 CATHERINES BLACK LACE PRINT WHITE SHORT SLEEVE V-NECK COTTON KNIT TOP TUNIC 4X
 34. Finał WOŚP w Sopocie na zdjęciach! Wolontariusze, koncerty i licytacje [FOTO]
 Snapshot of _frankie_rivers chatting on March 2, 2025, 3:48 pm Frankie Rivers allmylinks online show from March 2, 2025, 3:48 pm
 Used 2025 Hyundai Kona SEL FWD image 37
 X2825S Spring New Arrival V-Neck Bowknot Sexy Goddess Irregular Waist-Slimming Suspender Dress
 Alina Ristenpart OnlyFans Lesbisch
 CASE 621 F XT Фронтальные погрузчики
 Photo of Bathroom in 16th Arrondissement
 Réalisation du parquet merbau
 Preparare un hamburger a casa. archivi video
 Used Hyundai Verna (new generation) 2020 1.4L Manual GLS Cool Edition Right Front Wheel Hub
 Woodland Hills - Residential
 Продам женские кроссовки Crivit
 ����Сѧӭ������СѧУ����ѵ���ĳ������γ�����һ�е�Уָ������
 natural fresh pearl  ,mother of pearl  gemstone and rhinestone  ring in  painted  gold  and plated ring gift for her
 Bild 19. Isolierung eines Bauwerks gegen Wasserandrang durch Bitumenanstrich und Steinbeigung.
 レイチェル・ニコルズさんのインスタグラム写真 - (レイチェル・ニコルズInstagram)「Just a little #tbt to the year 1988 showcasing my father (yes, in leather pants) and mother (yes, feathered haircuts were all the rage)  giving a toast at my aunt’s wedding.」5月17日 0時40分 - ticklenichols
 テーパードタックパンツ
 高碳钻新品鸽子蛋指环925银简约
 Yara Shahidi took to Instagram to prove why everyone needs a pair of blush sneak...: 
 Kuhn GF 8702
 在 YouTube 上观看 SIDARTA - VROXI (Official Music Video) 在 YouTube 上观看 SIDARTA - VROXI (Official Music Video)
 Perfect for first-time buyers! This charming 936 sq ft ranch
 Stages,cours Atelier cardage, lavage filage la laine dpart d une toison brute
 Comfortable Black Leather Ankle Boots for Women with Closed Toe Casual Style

▶ _Your instructions_: What you give back should be only the lines of the records above, starting at the line with "Продам женские кроссовки Crivit" and ending at the line with "Kuhn GF 8702", restated word for word.

▶ _Result_:
 Продам женские кроссовки Crivit
 ����Сѧӭ������СѧУ����ѵ���ĳ������γ�����һ�е�Уָ������
 natural fresh pearl  ,mother of pearl  gemstone and rhinestone  ring in  painted  gold  and plated ring gift for her
 Bild 19. Isolierung eines Bauwerks gegen Wasserandrang durch Bitumenanstrich und Steinbeigung.
 レイチェル・ニコルズさんのインスタグラム写真 - (レイチェル・ニコルズInstagram)「Just a little #tbt to the year 1988 showcasing my father (yes, in leather pants) and mother (yes, feathered haircuts were all the rage)  giving a toast at my aunt’s wedding.」5月17日 0時40分 - ticklenichols
 テーパードタックパンツ
 高碳钻新品鸽子蛋指环925银简约
 Yara Shahidi took to Instagram to prove why everyone needs a pair of blush sneak...: 
 Kuhn GF 8702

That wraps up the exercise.